What is expected: Exercise in exact copying: restate word for word only the lines below from the one containing "Let's create two" through the one containing "In this video", omitting any pictures.

Dataset extract:
--- START ---

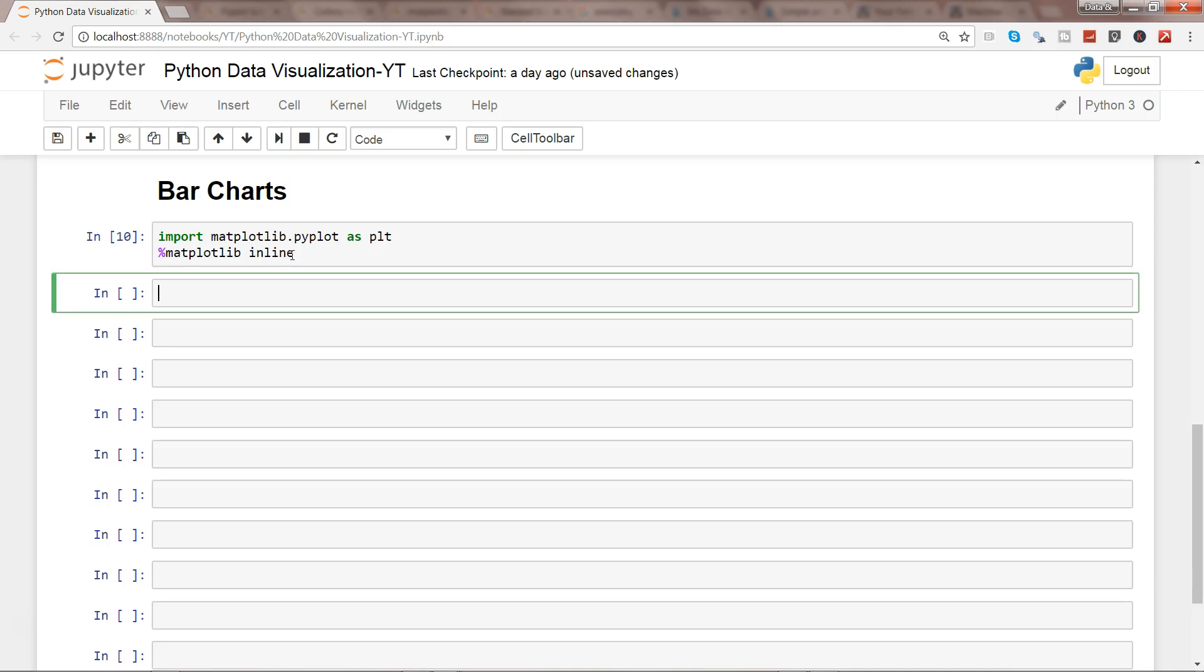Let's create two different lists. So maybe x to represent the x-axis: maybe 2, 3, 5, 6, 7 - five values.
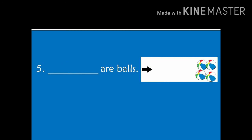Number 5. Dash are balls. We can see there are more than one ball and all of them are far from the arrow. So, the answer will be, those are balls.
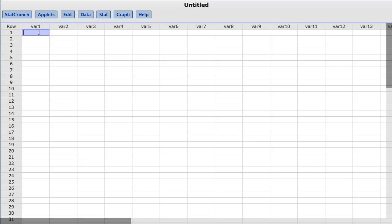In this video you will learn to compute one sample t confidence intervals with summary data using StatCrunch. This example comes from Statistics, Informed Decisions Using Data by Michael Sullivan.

--- END ---
--- START ---

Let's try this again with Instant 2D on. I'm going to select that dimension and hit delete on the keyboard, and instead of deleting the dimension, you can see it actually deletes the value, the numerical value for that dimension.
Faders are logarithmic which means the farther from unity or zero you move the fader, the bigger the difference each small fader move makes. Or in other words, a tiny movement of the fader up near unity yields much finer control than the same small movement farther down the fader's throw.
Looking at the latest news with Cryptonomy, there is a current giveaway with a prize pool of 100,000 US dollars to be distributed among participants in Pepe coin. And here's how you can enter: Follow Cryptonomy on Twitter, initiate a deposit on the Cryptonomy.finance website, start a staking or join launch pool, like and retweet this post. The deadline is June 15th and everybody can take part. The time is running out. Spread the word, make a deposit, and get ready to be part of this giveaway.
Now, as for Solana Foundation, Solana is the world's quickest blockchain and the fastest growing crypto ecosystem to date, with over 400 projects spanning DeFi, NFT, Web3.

--- END ---

Expected answer:
Let's create two different lists. So maybe x to represent the x-axis: maybe 2, 3, 5, 6, 7 - five values.
Number 5. Dash are balls. We can see there are more than one ball and all of them are far from the arrow. So, the answer will be, those are balls.
In this video you will learn to compute one sample t confidence intervals with summary data using StatCrunch. This example comes from Statistics, Informed Decisions Using Data by Michael Sullivan.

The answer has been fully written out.